Vu’s mother ran a Vietnamese restaurant in the city for 15 years. It was called the Golden Seahorse for most of those years, and it was Vu’s stomping grounds. His restaurant is even named after her; MaMang means Mama in Vietnamese.
“I always sort of knew that if I did end up working in food, I would honor her work in some way,” he says. “I want to share Vietnamese food, but I also wanted to pick back up from where my mom left off.”
After being in a band called Kinetic Stereo Kids for about 15 years, Vu wanted a change of pace. So, he traveled the world—and over time elevated his love of food from passionate hobby to career track. There wasn't an “ah-ha” moment that led him back home to open MaMang. There were, he says, "all these small moments that culminated to a vision."
“It all kind of just came together. I ended up meeting, not just incredible chefs, but incredible people along the way that became mentors to me,” Vu says. “It was a good point to reflect on how food can transcend, not just cultural barriers, but how food plays this profound role in bringing people together.”

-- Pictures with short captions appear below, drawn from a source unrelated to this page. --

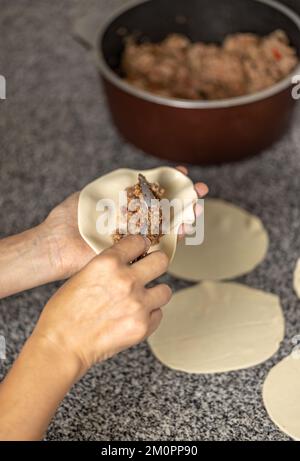 Frauenhände füllen eine argentinische Fleischempanada. Stockfoto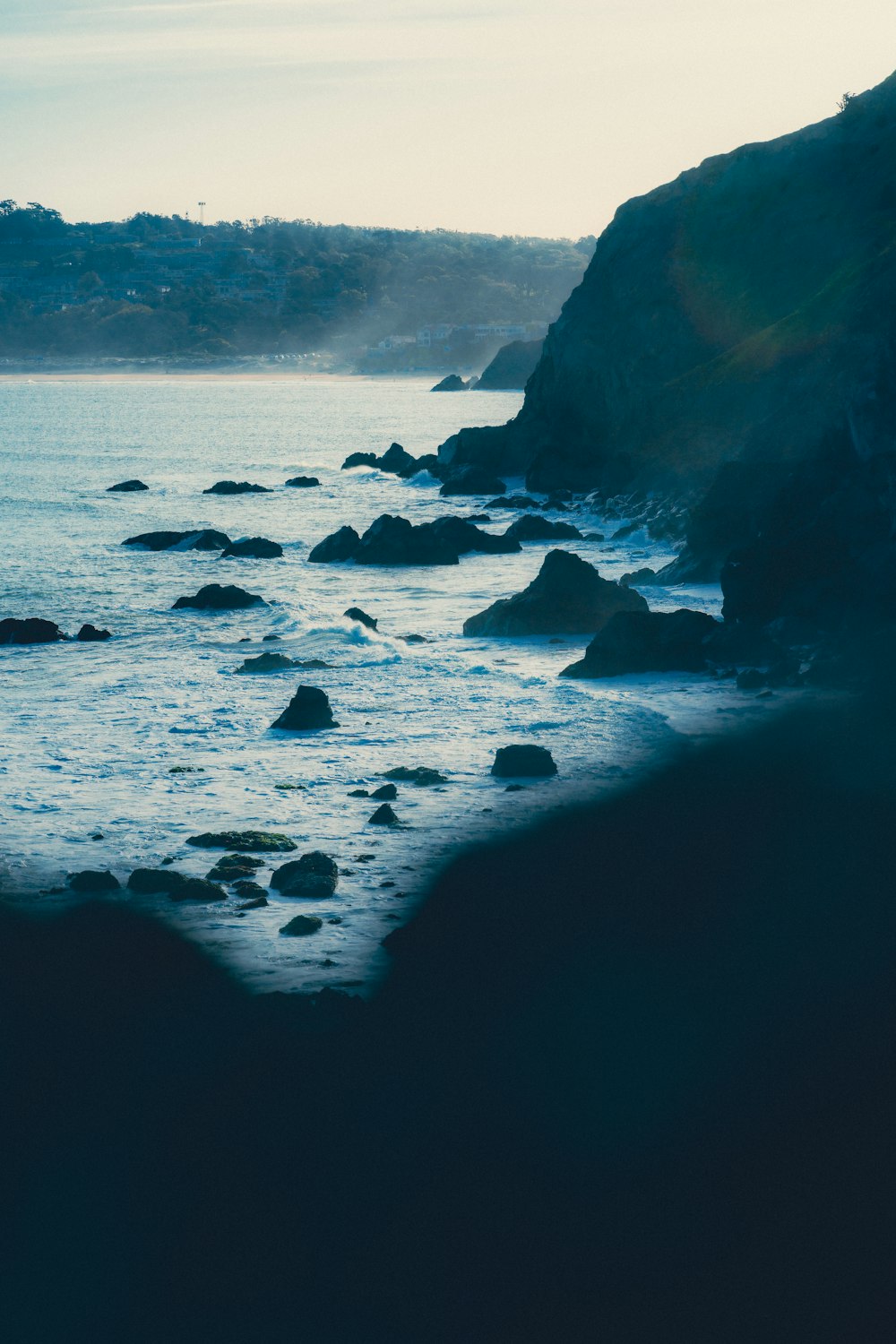 a body of water sitting next to a rocky shore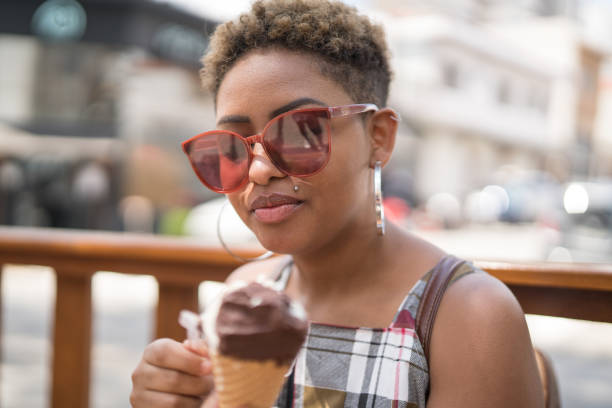 istock Young Woman Tasting Ice Cream Portrait 1039636996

After landing back in Flint, Vu knew he had to share his vision with his hometown. (He also shared it on the Food Network with an appearance on Guy's Grocery Games last year, but that's a different story.)
"I needed to share these experiences with my people, my home,” Vu recalls. “I figured I came from Flint and I was there in the city during some pretty dark times. So it’s important to be here, to share my skills for the turnaround, too."
MaMang is open at the Flint Farmers’ Market, 300 E. First St., 9 a.m.-6 p.m. Tuesdays and Thursdays and 8 a.m.-6 p.m. Saturdays.
Vu hopes to expand to a store front eventually, but says, “the most important thing is, I want to be a part of Flint’s come back.”
Our tip: The menu is small, but delicious. The pho is a must-have, and don’t be too scared of the heat—medium is a perfect amount of kick for most. That said, given the likelihood for a runny nose and slurping noodles—stick with one of the sandwich options on a first date.